■ **Try it**
Set down each line of the data exactly, but not the pictures.

■ **Given material**
****************

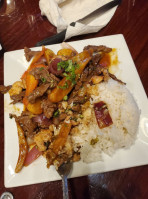 Justa's Peruvian Grill (justa's #2) food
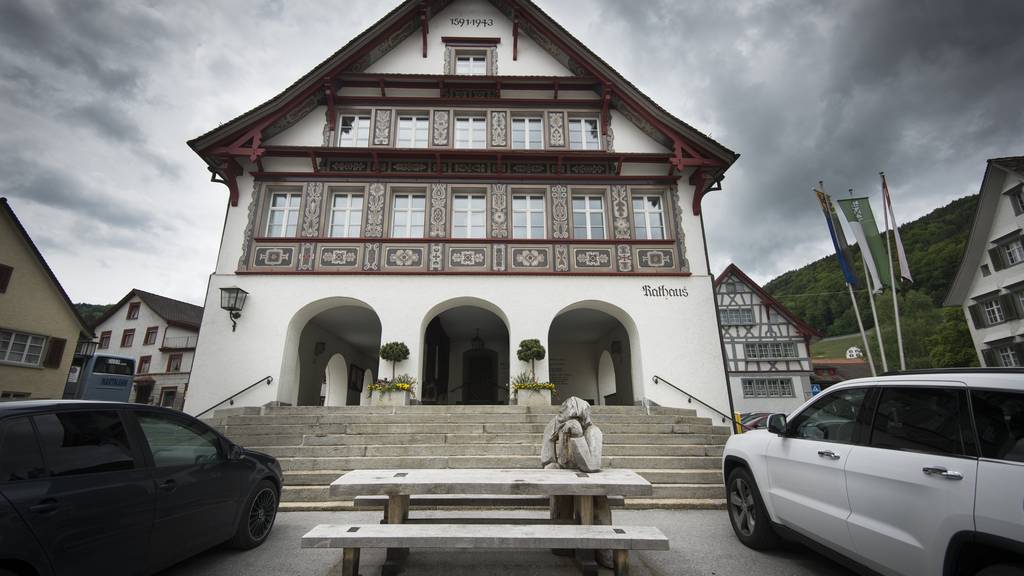 Die Gemeinde Berneck hat ein neues Oberhaupt gewählt.
© Benjamin Manser / TAGBLATT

****************

■ **Result for this exercise**
 Justa's Peruvian Grill (justa's #2) food
 Die Gemeinde Berneck hat ein neues Oberhaupt gewählt.
© Benjamin Manser / TAGBLATT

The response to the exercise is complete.